(Work required) Below are the entries; count how many lines contain the word "Small" and reply with that number alone.

(Records supplied)
▬▬▬▬▬▬▬▬▬▬
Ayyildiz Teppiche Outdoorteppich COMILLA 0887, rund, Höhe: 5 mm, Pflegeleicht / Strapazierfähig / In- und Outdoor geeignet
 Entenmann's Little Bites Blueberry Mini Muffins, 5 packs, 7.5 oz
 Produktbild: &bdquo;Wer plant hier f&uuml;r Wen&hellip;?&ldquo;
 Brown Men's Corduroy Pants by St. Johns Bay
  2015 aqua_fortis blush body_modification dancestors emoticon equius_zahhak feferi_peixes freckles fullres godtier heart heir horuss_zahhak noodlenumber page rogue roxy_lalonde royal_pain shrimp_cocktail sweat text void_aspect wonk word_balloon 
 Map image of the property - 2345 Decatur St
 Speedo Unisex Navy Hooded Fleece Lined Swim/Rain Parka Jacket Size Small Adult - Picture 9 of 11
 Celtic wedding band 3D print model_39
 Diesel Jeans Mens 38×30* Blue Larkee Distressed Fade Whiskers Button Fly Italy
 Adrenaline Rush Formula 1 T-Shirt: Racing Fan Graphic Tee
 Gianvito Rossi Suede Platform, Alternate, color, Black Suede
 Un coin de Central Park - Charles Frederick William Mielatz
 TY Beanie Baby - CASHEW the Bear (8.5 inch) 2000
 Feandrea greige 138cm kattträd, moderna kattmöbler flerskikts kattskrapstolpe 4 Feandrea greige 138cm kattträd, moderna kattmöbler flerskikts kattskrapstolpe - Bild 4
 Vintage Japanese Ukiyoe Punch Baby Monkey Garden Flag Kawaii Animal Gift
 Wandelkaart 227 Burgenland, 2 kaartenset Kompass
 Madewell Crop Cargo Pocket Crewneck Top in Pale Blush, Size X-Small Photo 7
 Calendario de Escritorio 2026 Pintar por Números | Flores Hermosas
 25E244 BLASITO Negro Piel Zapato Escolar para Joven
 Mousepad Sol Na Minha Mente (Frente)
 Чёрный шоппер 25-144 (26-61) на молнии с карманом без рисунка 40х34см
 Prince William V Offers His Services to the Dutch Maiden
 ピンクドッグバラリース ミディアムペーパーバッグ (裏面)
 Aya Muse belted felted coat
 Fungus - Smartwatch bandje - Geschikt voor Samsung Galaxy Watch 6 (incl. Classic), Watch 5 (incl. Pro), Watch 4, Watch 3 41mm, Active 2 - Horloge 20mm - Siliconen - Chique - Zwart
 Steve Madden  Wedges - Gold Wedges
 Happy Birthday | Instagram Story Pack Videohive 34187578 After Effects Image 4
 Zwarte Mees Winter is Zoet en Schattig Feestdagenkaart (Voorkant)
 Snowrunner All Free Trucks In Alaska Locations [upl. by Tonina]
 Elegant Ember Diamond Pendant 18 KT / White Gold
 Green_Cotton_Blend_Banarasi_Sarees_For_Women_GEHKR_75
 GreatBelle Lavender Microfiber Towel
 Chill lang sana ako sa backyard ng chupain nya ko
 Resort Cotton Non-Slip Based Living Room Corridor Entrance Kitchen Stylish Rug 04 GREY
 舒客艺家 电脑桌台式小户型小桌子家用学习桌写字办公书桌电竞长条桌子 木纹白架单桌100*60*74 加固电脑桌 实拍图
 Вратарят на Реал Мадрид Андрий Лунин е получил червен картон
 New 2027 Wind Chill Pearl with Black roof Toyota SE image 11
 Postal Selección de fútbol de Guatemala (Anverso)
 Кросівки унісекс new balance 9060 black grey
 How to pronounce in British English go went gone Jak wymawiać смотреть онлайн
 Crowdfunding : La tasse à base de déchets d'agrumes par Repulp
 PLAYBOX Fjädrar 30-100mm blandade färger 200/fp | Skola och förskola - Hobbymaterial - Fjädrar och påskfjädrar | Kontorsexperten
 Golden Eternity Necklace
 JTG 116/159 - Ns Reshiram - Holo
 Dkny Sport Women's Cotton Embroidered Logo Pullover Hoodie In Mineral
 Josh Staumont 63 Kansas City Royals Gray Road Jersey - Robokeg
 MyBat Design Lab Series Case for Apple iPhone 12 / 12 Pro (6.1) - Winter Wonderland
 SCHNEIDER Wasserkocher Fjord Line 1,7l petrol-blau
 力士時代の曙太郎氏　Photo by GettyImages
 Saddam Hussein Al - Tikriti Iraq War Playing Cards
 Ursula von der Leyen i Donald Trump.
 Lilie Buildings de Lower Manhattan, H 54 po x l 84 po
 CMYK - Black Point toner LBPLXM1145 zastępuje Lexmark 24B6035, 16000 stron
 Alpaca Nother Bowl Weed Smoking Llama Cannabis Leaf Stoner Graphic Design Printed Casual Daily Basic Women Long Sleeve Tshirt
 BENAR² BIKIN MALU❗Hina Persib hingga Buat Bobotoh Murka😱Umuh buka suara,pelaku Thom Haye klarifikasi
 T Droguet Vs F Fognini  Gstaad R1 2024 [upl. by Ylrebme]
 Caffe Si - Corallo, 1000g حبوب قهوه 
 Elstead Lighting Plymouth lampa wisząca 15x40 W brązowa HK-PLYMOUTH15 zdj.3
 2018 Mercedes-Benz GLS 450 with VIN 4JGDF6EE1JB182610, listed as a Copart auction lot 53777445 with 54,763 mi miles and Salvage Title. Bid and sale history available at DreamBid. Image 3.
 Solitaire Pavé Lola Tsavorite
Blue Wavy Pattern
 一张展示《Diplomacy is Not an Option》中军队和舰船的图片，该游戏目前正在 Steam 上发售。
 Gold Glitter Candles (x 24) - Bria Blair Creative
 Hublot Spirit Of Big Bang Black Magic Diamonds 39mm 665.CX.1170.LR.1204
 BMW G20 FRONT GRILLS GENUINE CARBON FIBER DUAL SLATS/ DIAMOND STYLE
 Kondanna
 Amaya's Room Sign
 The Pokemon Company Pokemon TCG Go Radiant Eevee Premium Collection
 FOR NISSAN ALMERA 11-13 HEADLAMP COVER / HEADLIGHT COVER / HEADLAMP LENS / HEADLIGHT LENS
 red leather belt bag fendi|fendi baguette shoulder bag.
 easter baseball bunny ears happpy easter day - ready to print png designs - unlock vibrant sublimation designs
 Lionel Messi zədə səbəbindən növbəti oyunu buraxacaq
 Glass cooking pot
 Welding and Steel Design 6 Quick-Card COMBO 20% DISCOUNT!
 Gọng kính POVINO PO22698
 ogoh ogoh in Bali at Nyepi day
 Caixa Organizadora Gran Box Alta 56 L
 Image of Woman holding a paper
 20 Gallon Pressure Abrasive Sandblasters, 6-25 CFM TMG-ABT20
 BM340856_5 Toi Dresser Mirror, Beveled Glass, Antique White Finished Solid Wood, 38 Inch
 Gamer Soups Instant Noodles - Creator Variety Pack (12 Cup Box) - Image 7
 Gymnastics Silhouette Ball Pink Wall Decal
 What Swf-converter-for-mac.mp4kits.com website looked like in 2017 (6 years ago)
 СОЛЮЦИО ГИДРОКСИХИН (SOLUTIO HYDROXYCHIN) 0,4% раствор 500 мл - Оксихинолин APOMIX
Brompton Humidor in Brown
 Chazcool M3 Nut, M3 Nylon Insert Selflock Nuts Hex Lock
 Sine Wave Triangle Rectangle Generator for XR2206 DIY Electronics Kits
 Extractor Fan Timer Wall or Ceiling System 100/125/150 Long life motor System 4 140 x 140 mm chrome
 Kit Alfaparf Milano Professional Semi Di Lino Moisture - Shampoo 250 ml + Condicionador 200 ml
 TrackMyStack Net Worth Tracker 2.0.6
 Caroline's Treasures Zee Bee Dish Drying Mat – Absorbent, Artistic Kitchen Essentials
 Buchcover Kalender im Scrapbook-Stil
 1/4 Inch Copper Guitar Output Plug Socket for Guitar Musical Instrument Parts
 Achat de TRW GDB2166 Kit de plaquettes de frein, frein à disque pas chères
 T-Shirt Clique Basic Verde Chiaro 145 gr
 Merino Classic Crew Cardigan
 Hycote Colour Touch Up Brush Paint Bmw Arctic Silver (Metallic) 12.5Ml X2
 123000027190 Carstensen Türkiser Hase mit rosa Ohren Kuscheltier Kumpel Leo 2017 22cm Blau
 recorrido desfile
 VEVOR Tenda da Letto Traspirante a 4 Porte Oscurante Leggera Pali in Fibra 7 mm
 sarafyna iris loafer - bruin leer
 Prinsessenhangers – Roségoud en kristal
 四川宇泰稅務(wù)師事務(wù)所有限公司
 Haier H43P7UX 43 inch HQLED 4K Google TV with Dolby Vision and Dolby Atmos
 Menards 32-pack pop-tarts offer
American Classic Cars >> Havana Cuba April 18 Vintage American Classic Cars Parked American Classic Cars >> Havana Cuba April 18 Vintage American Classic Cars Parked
▬▬▬▬▬▬▬▬▬▬
(Solution to the problem) 2